Chinese porcelain production was dominated by the north until the early 10th century, when remote workshops in southeast China began making what would become the earliest ‘true porcelains’. Kilns in Changnan, Fuliang county, Jiangxi exploited local resources of kaolin, ‘pure white porcelain stone’ by mixing it with baidunzi (petuntse), ‘small white bricks’, to create strong ceramic bodies. The result was porcelain capable of being worked very thin. Its pure white body had a glassy quality, was translucent with a slightly bluish hue, and was called yingqing, ‘shadow blue’. Thin-walled bowls, vases, jars and dishes with defined forms encouraged the kilns to send them as tribute wares to the court. In 1004, Changnan was conferred the name, Jingdezhen after the emperor Jingde.
The yingqing glaze produced special surface effects. It is manifested on a Northern Song yingqing bowl, the most prominent of eight Jingdezhen guanyao, ‘official ware’ on show. The lotus decoration on its deeply carved surface, enhanced by the glaze, appears almost sculpted, with a three-dimensional quality. The incised meandering scroll patterns on a pair of tuluping vases are also offset by its faintly bluish glaze colour. The whitest yingqing object in the Idemitsu collection is a lion-headed ewer. ‘The overall shape of its body with ‘cutting-edge’ sharpness, was much admired during the Song,’ says Dr Kanazawa. ‘Although the spout’s tip is a later restoration, the ewer is a rare combination of what a white body and transparent glaze, with the least iron content, might achieve under the best firing conditions.’ Such expertise was not limited to Jingdezhen. Even the provincial Guangdong kiln managed to create an 11th-century vase with an exceptionally well-carved phoenix-shaped head. It tells us craftsmanship of a high order prevailed throughout the Song empire, wherever the kilns were.
The commercial potential of porcelain evident already in the Tang, was also recognised by the conquering Mongols. They introduced large overseas markets from the late 13th century onwards, enlarging the boundaries of the Chinese ceramic trade from the Persian world west to the Islamic lands. The scale demanded by the trade shifted white ware production from north to south China. Jingdezhen became the site of the Yuan official kiln. ‘When this was established is still open to question,’ says Dr Kanazawa. ‘It might be dated to 1278, when the Fuliang ciju, ‘Fuliang Porcelain Bureau’ was set up to control ceramic production; or 1283, when the Jiangzuoyuan, ‘Principal Manufacturing Centre’ began regulating the firing of official wares for the court.’
Yingqing was a precursor to qingbai, ‘clear white’ porcelain, which transformed the nature of ceramic production. Privately owned kilns gave way to an organised industrial complex engaged in mass production and export. Qingbai variants included luanbai, an opaque, matt glaze with an ‘egg white’ consistency.
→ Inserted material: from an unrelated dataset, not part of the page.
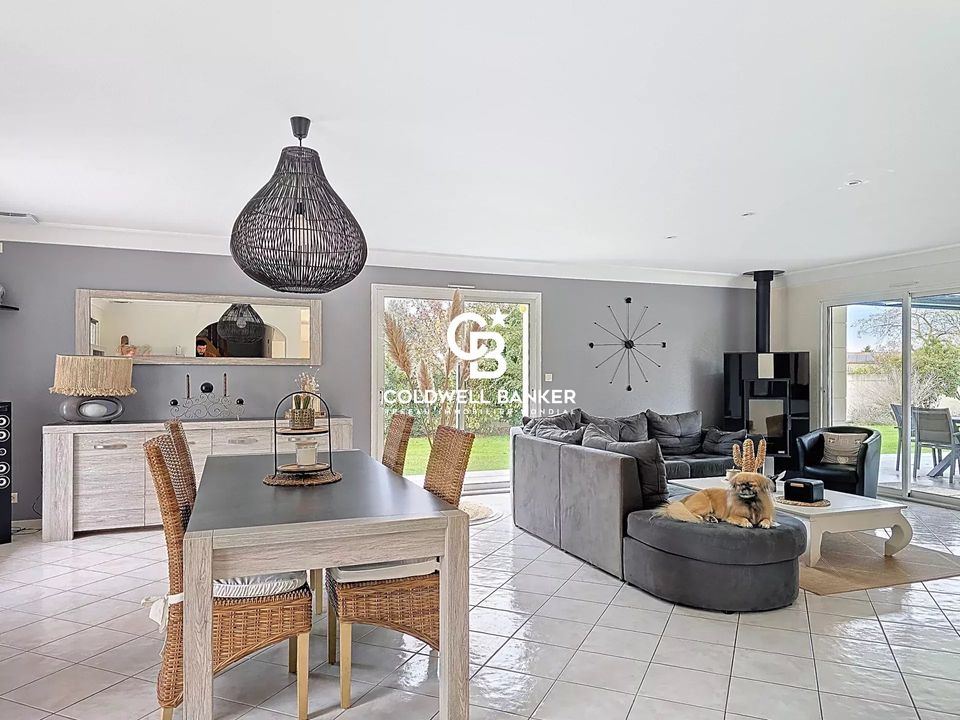 Villa a Sainte-Radegonde-des-Noyers, Vendee - foto 4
Shufu, a viscous glaze named after ideograms for ‘privy council’ inscribed on the bases of ceremonial wares, was first mentioned in the Gegu yaolun, ‘Essential Criteria of Antiquities’ (1388) by Cao Zhao as a Mongol court commission.
Chinese porcelain was also exported – alongside the better-known celadons – to Korea. Archaeological evidence of the extent of Yuan maritime trade has been provided by the Sinan Cargo dated to 1323, belonging to a ship that sank en route from Ningbo, China to Hakata, present-day Fukuoka, in Kyushu. It was found off Sinan county in Korea, carrying 6,000 high quality ceramic objects including large numbers of white Shufu porcelain, celadon and utilitarian jars of black and brown glaze. Chinese white wares were known in Korea at least by the Yuan, and the Koreans were probably the first to copy them successfully. ‘Their taste for white ceramics emerged sometime during the transition from the Koryo (935-1392) to the Choson (1392-1910) period when punch’ong ware with a greyish clay body was produced,’ says Dr Kanazawa. ‘Punch’ong – technically a continuation of the Koryo celadon tradition – was adapted by changing the colour of the clay body from green to greyish white. When white slip was applied on these objects, uneven powdery surfaces called kohiki appeared. Tea bowls with this effect were very popular with Japanese tea masters.’
White porcelain went on to dominate Choson ceramic production. Some 139 kilns were noted by The Veritable Records of King Sejong (r.1418-1450) as making porcelain. The Choson state was modelled after Confucian ethics, and Korean royalty was partial to plain, undecorated white wares whose purity and austerity suited court and temple ritual practices. The court’s porcelain kilns in Kwangju, northeast of Seoul, also serviced the scholar-class and the yangban elite who prized its products such as white brush holders and pilgrim flasks. A 17th- century Choson ritual bowl with flanges is a copy of the Chinese bronze fu, a square-shaped food container with a similarly-shaped lid. Its corner projections imitating the original bronze decorations are intact, but the principal taotie, ‘animal mask’ has worn off.
Chinese white wares were introduced to Japan along with the tea culture. By the 13th century, Seto in present-day Aichi prefecture, central Honshu – one of ‘six mediaeval kilns’ identified by Koyama – was leading ceramic production. During Muromachi (1337-1573) times, neighbouring Mino, Gifu prefecture made rudimentary copies of black Chinese Jian tenmoku tea bowls as well as a unique early white ware called shiro tenmoku, ‘white tenmoku’ which allowed the colour of tea to be seen. It encouraged Japanese potters to make imitation white wares because green ware and white ware – celadon and white porcelain bowls – were best for tea drinking, according to No-Ami and So-Ami, art critics of the Ashikaga shogunate (1392-1490). They had catalogued the Kundaikan sochoki, ‘Manual for displaying Chinese Artistic Decoration’ (1467) for the shogunal collection and placed great value on ceramics and painting.
Meanwhile, Jingdezhen was going from strength to strength. Barely a year into his rule, first Ming emperor Hongwu (r.1368-1398) established the Yuqichang, ‘Imperial Porcelain Factory’ on the site in 1369. Experiments thereafter continued to ensure the porcelain body was refined and thinned out. Innovative forms were introduced. Among them, a sengmao hu, ‘monk’s cap’ ewer of the Yongle era (r.1403-1424), named after the monk’s cap profile forming the upper portion of the lid. Exquisite anhua, ‘secret decoration’ of lotus scrolls incised on its body while wet, might only be seen when held up to strong light.
In Japan, the search for porcelain-making resources continued unabated. The ‘pottery wars’ of the 1590s brought Korean potters to Kyushu. Kaolin was subsequently discovered. It went on to change the face of Japanese ceramics when creamy white porcelain surfaced at the easternmost end of the ‘Ceramic Silk Road’.